Una dichiarazione sull’energia atomica di Silvio Berlusconi, allora presidente del Consiglio, durante una visita in Francia; la “riscoperta” di uno studio del Cnr, risalente a un anno prima, sui possibili siti. Era il 2009, riesplose il caso del “ritorno al nucleare” in Italia e Fossano ne fu coinvolta. Motivo: il Fossanese era considerato una delle aree adatte ad ospitare una centrale.
Fu, davvero, la montagna che partorisce il topolino. Affermarlo oggi, a distanza di 13 anni, è facile. Al tempo emerse, o almeno così sembra, una certa preoccupazione: ancora nel 2010, l’associazione “Casanostra” sosteneva che “il rischio di avere qui un reattore è reale”.
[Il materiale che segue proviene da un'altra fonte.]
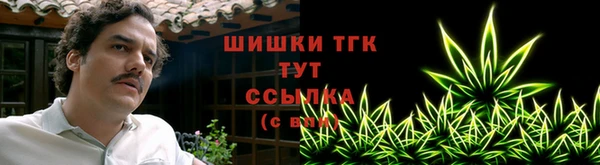 скорость mdpv Балахна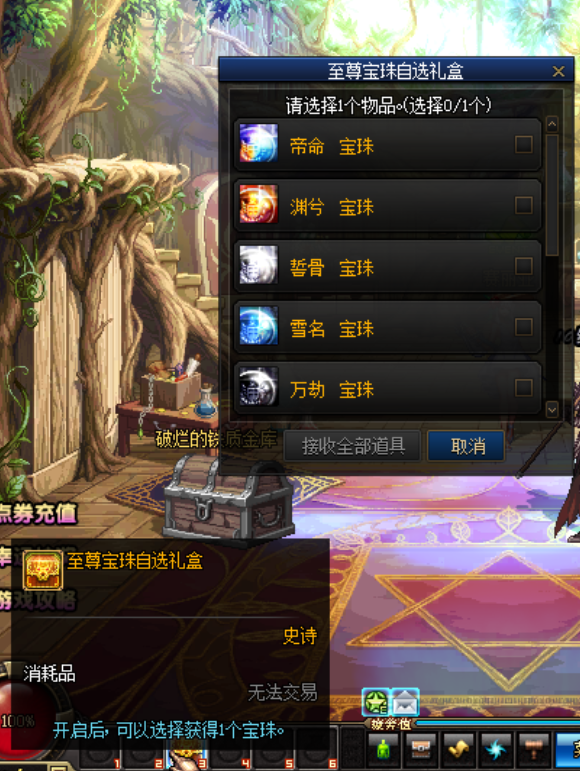 QQ截图20231208125413.png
L’allora sindaco della città degli Acaja Francesco Balocco, pur dicendosi scettico sulla possibilità che la costruzione di una centrale nucleare nel Fossanese potesse concretizzarsi, si mostrò fermo nel sostenere le ragioni per le quali questo territorio non è adatto. E queste ragioni erano (sono) essenzialmente due: Fossano è troppo vicina, in linea d’aria, alla centrale elettronucleare Super-Phénix in Francia, dove sono avvenuti degli incidenti, e la vocazione agricola, zootecnica e turistica della zona sarebbe compromessa dalla presenza “ingombrante” di un reattore.
Meglio investire sul fotovoltaico. È quanto si ribatteva già allora all’«ipotesi nucleare», anche attraverso le colonne de “la Fedeltà”. Ma, in questi anni, si è fatto in misura sufficiente?